IATA is more unhappy with ATC providers than with airports over charges, particularly those in Europe. According to director general Pierre Jeanniot, some "have decided that their services are an irreducible cost, and are not ready to make any attempt to reduce that cost." He points to the ATC providers of Belgium (24% rise), Germany (16%), the Netherlands (12%) and Spain (20%), as the worst offenders for proposing fee hikes.

Alexander ter Kuile, secretary general of the Civil Air Navigation Services Organisation (CANSO), defends the industry, saying it is caught "between a rock and a hard place". In Europe, most providers operate on the cost-recovery principle, through which whatever costs are incurred are turned into the charging rate.

Since they are pure cash-flow operations, with little reserves and only limited ability to cut operational costs, when revenue eventually dries up, an adjustment needs to be made immediately, ter Kuile says.

Although he admits some providers are not great examples of efficiency, others have done everything in their power to cut costs. For example, the UK's National Air Traffic Services has accelerated a staff reduction programme and deferred some expenditure, while IATA praises the Irish Aviation Authority and Nav Canada for their efforts to reduce costs.
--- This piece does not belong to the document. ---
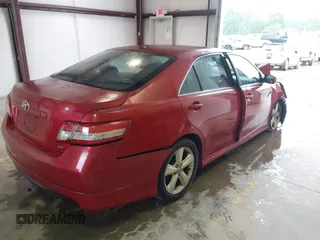 2011 Toyota Camry LE z VIN 4T1BF3EK6BU129712, wystawiony jako IAAI lot #42236451 z przebiegiem 205 126 mil mil oraz . Historia ofert i sprzedaży dostępna na DreamBid. Obrazek 4.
For CANSO's ter Kuile this issue highlights a structural problem for the industry. He believes the financial structure of providers may need reviewing, creating a system which falls short of privatisation but is at least one which offers providers financial incentives to be more efficient and make cost reductions. "The cost recovery principle is a financial instrument where there is no room for us to manoeuvre, "he says.